Note that if you want to create several top level items in your generated code you will have to make a list of <:str_item< .. >> quotations.
So here is our completed main :
let _ =
print_string "# ";
let str = read_line () in
let e = parse_and_generate_code str in
let ast_e = <:expr< $e$ >> in
Camlp4.PreCast.Printers.OCaml.print_implem <:str_item< let _ = let res = $ast_e$ in print_float res >>
Let's detail this a little :
- We first create a "ast_e" variable which will contain the AST generated by the "generate_code" function (the AST of our parsed expression)
- The "Camlp4.PreCast.Printers.OCaml.print_implem" function allows to print AST contained in a <:str_item< .. >> quotation.
- In our <:str_item< .. >> quotation we create the "let _" main function.
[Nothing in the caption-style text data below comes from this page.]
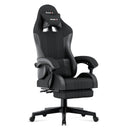 Fotel Gamingowy HUZARO Force 4.7 Carbon Mesh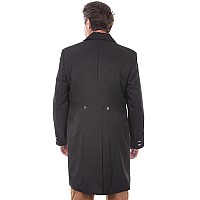 Frock Coat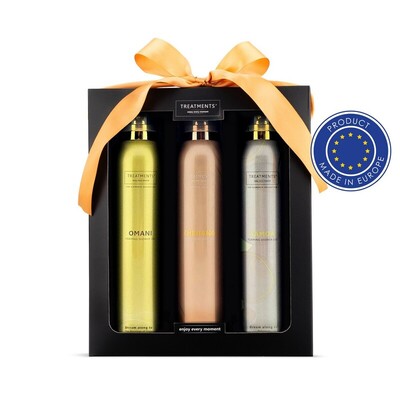 Beauty Foaming Extravagance TREATMENTS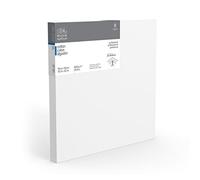 Winsor & Newton 50 x 50 cm Professional Cotton Deep Edge Canvas (Pack of 1)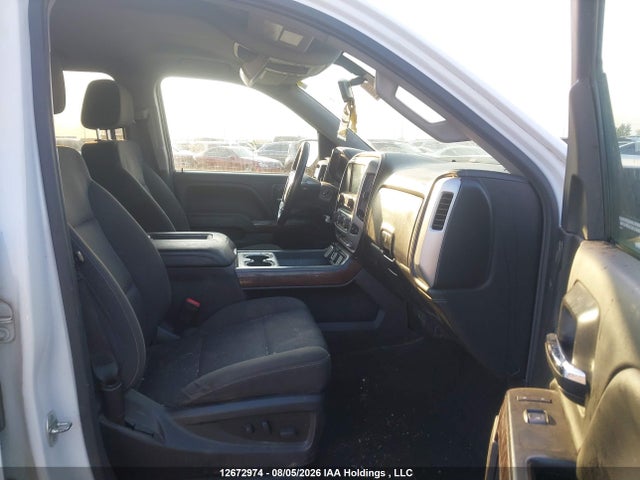 GMC Sierra 1500 Sle 2018 3GTU2MEC5JG251504 Image 5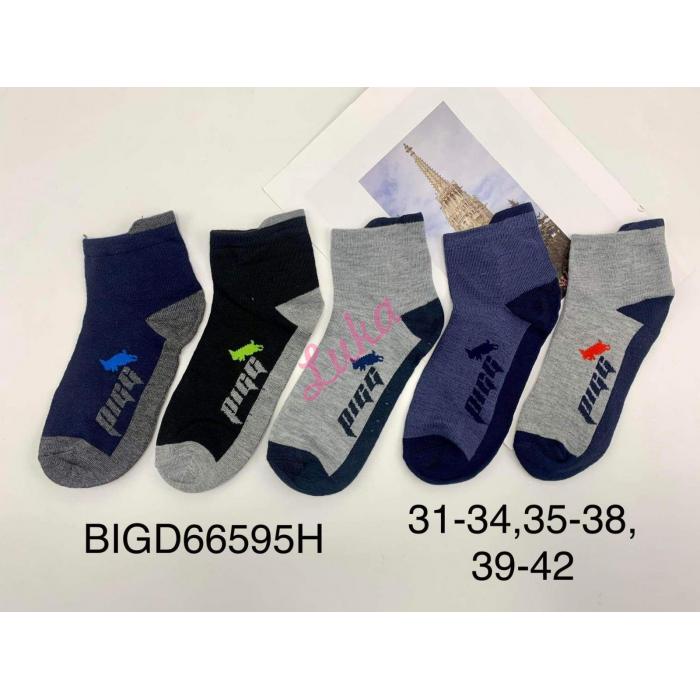 Teenager's Socks Pesail BIYD66610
We also create a "res" variable whose expression will be the content of our "ast_e" variable, i.e. the AST of our parsed expression.
The generate_code function
This function must obviously be defined before the "parse_and_generate_code" function which calls it in order to avoid the "unbound variable" error.
Since we only parse expressions, we will only need the <:expr< .. >> quotation.
let rec generate_code = function
| Scalar s -> <:expr< $flo:s$ >>
$flo:s$ means the value of "s" as float
| Vector vlist -> List.fold_right
(fun x l -> <:expr< $flo:x$ :: $l$ >>)
vlist
<:expr< [] >>
This creates the expression of the float list representing the vector. The way of creating an AST representing a list is a little complicated. I used the warning found in the Ocaml documentation http://caml.inria.fr/pub/old_caml_site/camlp4/manual/manual010.html#toc36
| Sum (v1, v2) -> let ast_v1 = generate_code v1
and ast_v2 = generate_code v2
in
(match (v1, v2) with
| Scalar _, Scalar _ -> <:expr< ( +. ) $ast_v1$ $ast_v2$ >>
| _, _ -> <:expr< List.map2 ( +. ) $ast_v1$ $ast_v2$ >>)
We recursively generate the AST for the Sum expression parameters and we check if we want to sum 2 scalars or 2 things asserted to be vectors. In the first case we generate the code for a simple addition whereas in the other case we use the "List.map2" function in order to add the 2 vectors. Remark : if we want to sum a scalar and a vector the code will be generated with no error but it will crash when compiling ("this function is float but is here used with float list message)
| ScalarProduct (v1, v2) ->let ast_v1 = generate_code v1
and ast_v2 = generate_code v2
in
(match (v1, v2) with
| Scalar _, Scalar _ -> <:expr< ( *. ) $ast_v1$ $ast_v2$ >>
| Scalar _, _ -> <:expr< List.map ( fun a -> a *. $ast_v1$ ) $ast_v2$ >>
| _, Scalar _ -> <:expr< List.map ( fun a -> a *. $ast_v2$ ) $ast_v1$ >>
| _, _ -> <:expr< List.fold_right
( +. )
(List.map2 ( *. ) $ast_v1$ $ast_v2$ )
0. >>)
This will do nearly the same thing as above for ScalarProduct expressions.
Compiling and testing
Since we use original syntax, it is camlp4of:
ocamlc -I +camlp4 -pp camlp4of.opt camlp4lib.cma pa_vector.ml
camlp4 -parser pa_vector.cmo
Just type in the expression you want to parse after the "#".
To go further
See Abstract Syntax Tree for a complete list of quotations, their signification and equivalent AST node.